Haaretz, September 8, 2022; Maariv, September 8, 2022; Hamevaser, September 8, 2022
A letter written in ancient Hebrew dating back to the First Temple period was recently returned to Israel. Archaeologists dated it to the same period as two other documents in the Israel Antiquities Authority’s Dead Sea Scrolls collection. The script on the extremely rare, ripped document starts with “To Ishmael send…” hinting that it is a fragment of a letter. It was probably found in the Judean Desert caves. According to a press release, Prof. Shmuel Ahituv, an ancient Hebrew script scholar, found a photograph of the rare and unknown document, which led to a joint operation by the Israel Antiquities Authority, the Culture and Sport Ministry and the Jerusalem Affairs and Heritage Ministry to find it. The document was traced to a man in Montana, USA, who agreed to part with it after visiting the Israel Antiquities Authority Judean Desert Scroll Department’s Conservation Laboratory in Jerusalem. He explained that it was given to his mother, a devout Christian, on a visit to Jerusalem in 1965, by a well-known antiquities dealer. Dr. Joe Uziel, Director of the Israel Antiquities Authority Judean Desert Scrolls Unit, said: “Each new document sheds further light on the literacy and the administration of the First Temple period.”

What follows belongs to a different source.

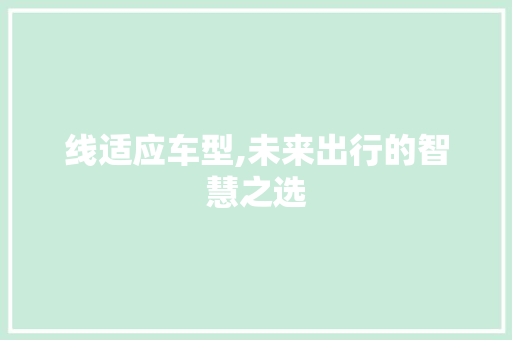 线适应车型,未来出行的智慧之选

Yad L’Achim has released a video warning IDF soldiers of “missionary soldiers and officers wearing a mask of deceit and lies to conceal their true identity” who were “drafted after receiving special training on how to preach Christianity in the army.” According to Yad L’Achim, the need for the cautionary film became evident after they revealed the existence of an “evangelical combat order for the messianic soldier,” that was put out by the Tzofen organization, that “explains to members of the Messianic Jews cult how to preach Christianity to soldiers.”
Shacharit, September 6, 2022; Kol Hair Bnei Brak, September 7, 2022; Mazav Haruach, September 9, 2022
As mentioned in previous reviews, Yad L’Achim announced that they have persuaded a “senior Israeli missionary” to returns to Judaism. The man in question, Adam Ayish, explained in an interview how he became a member of a Messianic congregation after “they sold him a lie and a fraud,” when he was young and confused. He claimed that he started questioning the Messianic faith after watching anti-Missionary videos and talking to Yad L’Achim activists. He further claimed that when he tried to approach his pastors about his doubts, they instructed him never to speak to religious Jews who understand Christianity. Last week, Rabbi Binyamin Vulcan, head of counter-missionary activity at Yad L’Achim, took Adam to the Rabbis of Safed who blessed him with kind words, after which he laid tefillin for the first time in 10 years.